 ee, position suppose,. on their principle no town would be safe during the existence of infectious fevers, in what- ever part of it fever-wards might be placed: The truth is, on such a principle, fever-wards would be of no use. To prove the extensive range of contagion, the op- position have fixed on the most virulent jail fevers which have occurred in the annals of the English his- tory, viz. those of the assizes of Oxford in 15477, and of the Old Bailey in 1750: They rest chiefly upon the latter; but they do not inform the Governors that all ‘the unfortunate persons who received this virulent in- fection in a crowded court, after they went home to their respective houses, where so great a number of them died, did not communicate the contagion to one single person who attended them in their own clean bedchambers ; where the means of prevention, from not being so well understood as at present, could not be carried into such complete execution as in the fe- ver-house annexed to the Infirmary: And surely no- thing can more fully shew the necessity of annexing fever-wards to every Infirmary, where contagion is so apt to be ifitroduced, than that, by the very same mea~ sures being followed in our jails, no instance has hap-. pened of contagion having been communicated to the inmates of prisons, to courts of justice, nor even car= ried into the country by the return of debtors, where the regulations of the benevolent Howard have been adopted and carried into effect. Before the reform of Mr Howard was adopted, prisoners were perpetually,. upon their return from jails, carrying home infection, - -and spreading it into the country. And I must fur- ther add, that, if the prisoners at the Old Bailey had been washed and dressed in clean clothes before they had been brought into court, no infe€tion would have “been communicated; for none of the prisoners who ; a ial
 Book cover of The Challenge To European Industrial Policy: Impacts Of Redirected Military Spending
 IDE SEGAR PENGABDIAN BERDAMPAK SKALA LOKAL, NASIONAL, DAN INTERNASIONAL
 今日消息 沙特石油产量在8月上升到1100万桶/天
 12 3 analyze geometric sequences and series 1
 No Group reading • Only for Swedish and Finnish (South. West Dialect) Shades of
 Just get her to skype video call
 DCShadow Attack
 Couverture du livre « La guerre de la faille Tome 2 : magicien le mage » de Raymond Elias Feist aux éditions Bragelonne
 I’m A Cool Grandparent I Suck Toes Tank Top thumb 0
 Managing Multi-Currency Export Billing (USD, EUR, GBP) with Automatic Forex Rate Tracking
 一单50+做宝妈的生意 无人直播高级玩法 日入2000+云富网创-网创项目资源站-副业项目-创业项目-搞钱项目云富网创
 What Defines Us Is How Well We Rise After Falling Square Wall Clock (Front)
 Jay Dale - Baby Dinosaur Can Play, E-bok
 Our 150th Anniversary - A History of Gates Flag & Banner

===============

REQUIRED WORK
Every line from the one containing "Jay Dale - Baby Dinosaur Can Play, E-bok" through the end of the entries above must be echoed exactly, with both ends kept.

SOLUTION TO THIS EXERCISE
 Jay Dale - Baby Dinosaur Can Play, E-bok
 Our 150th Anniversary - A History of Gates Flag & Banner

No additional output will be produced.